In North America, solar PV systems often generate more power than they can use from noon to 4pm. Power demands are usually greatest from about 5pm to 8pm-- when people return home, cook, and turn on air conditioners and TVs.

Our grid was designed to send power to customers, not to receive it from them. Two-way (net-metering) systems challenge utilities to maintain safe frequency and voltage. Net-metering meters also require power. They complicate billing-- and typically have non-net metering customers paying for rooftop solar customers' infrastructure.

Then, all electrical equipment poses fire hazards. When batteries catch fire, their toxic emissions are extremely hazardous. A rooftop solar installation increases a home's electrical connections-- and thereby, its fire risks. If a solar PV system catches fire while the sun shines, you cannot de-energize its panels. Charging EVs overheats nearby transformers-- and shortens their typical lifespan from 30 or 40 years to three.

There's also the question of available land.

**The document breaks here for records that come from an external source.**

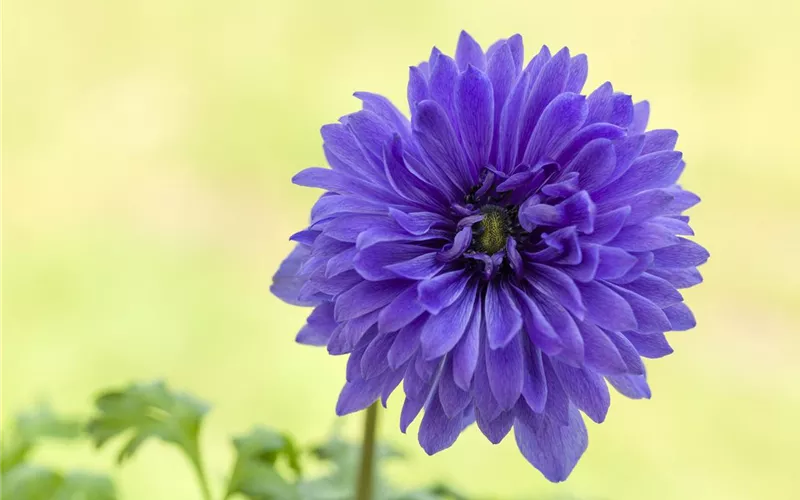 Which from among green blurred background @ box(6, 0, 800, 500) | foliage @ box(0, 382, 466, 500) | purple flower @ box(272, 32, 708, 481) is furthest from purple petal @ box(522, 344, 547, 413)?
green blurred background @ box(6, 0, 800, 500)

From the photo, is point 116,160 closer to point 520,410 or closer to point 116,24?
point 116,24

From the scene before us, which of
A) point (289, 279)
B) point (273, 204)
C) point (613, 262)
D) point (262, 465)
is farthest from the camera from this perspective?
point (273, 204)

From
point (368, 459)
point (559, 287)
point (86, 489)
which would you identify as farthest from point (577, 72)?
point (86, 489)

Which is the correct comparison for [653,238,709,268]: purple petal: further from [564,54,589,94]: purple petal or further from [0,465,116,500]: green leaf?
[0,465,116,500]: green leaf

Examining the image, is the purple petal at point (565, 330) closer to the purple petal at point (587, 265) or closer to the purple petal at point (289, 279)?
the purple petal at point (587, 265)

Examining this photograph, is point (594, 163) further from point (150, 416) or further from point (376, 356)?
point (150, 416)

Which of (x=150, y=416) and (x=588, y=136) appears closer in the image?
(x=588, y=136)

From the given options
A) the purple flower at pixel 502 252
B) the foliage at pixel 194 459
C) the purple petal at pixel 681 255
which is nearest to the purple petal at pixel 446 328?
the purple flower at pixel 502 252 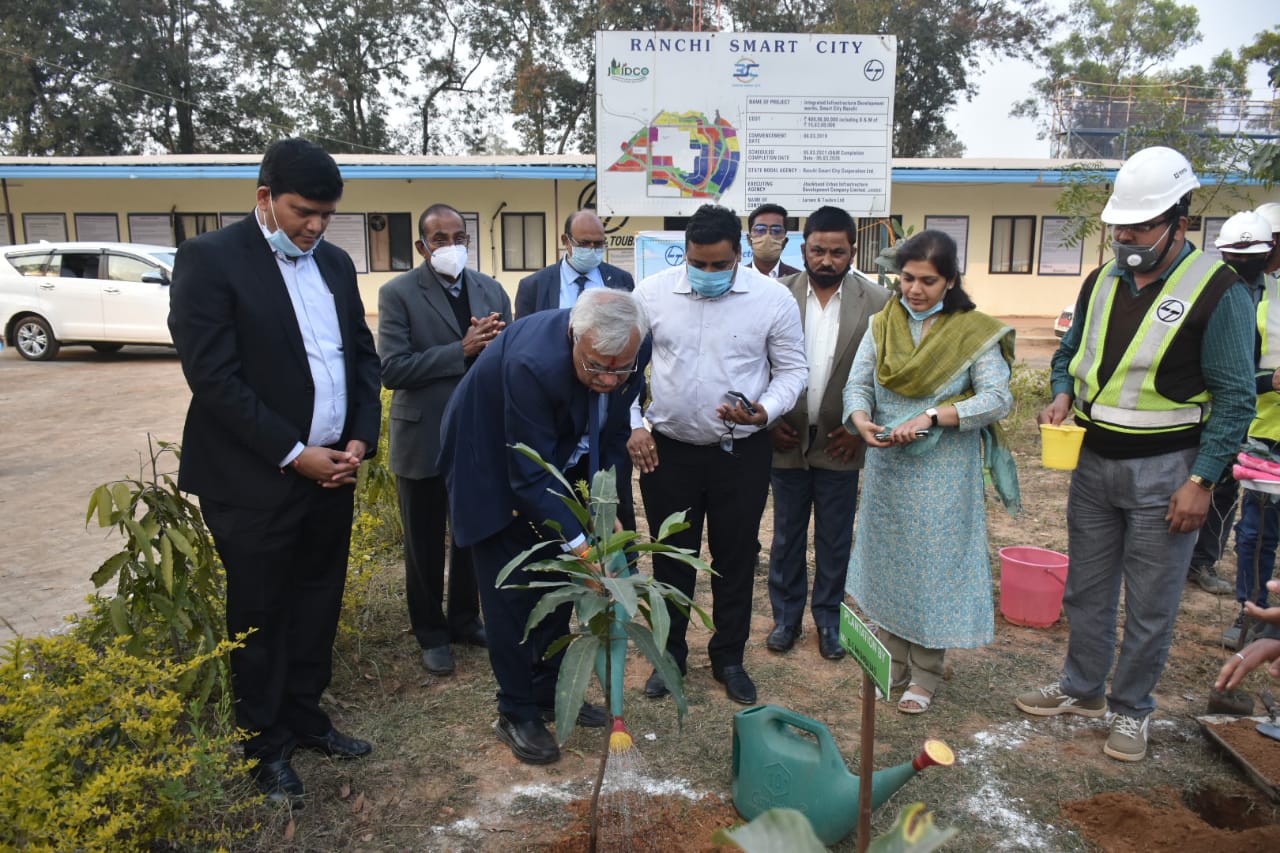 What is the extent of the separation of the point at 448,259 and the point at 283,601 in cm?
152

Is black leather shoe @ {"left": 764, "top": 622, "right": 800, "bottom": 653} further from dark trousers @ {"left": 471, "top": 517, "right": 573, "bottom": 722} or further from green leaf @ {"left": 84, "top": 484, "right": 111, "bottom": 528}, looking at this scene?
green leaf @ {"left": 84, "top": 484, "right": 111, "bottom": 528}

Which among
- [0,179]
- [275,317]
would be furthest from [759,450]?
[0,179]

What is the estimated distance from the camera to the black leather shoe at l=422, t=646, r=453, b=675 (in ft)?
11.5

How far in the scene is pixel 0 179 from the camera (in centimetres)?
1698

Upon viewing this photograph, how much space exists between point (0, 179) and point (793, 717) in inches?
792

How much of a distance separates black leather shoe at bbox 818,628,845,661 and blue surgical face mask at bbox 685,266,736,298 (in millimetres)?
1521

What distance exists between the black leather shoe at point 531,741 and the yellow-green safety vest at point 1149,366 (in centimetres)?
209

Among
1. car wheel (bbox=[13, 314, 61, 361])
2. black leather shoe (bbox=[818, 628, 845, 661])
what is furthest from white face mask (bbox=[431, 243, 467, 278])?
car wheel (bbox=[13, 314, 61, 361])

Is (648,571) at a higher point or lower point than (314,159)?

The U.S.'s total land mass encompasses 3,532,316 square miles. Engineers, please: is that enough land to power the country with solar PVs from November through January?

When solar panels and wind turbines reach the end of their usable lives, they do not biodegrade. Dumping such hazardous waste is expensive. If an energy provider files for bankruptcy (and county commissioners did not require the corporation to post a bond), who will pay to dispose the facility's waste?

As far as I can see, adding new technologies to a 125-year-old electric grid makes it more complex-- not more reliable.

When profit rules the bottom line

Two more items: 1) usually, minimizing ecological damage is not profitable; and 2) investor-owned utilities prioritize profits.

A utility's largest expense comes from employing engineers who maintain proper frequency and voltage; meter readers and billing staff; and from purchasing and maintaining generators, transformers, transmission lines and meters.

Primarily, a utility profits by charging customers double-digit rate-of-return interest on new equipment. To increase profits, investors prefer large power generation plants (including large-scale solar PV and wind turbine facilities) and new transmission lines.

Utilities struggle to incorporate solar and wind-generated power into the grid. They might use a "virtual power plant" to aggregate multiple energy systems and EV chargers. Because of power sources' variety (natural gas, coal, solar, etc.), ratepayers' variety (residential, industrial, hospital) and tariff and billing issues, utilities face complex coordination challenges. Incorporating multiple energy resources into the grid could cost one trillion dollars or more-- and still, it would be vulnerable to severe weather conditions.

Adding virtual power plants, increasing utility-scale solar PV and wind systems, electrifying all vehicles and adding data storage centers could require utilities to double their transmission systems, distribution wires and transformers. This would increase investors' profits significantly.

Environmentally, it would mean bulldozing more wildlife habitats, cutting down forests for solar and wind facilities, extracting ores and water from complex ecosystems, polluting them with toxic chemicals-- and manufacturing more products that do not biodegrade.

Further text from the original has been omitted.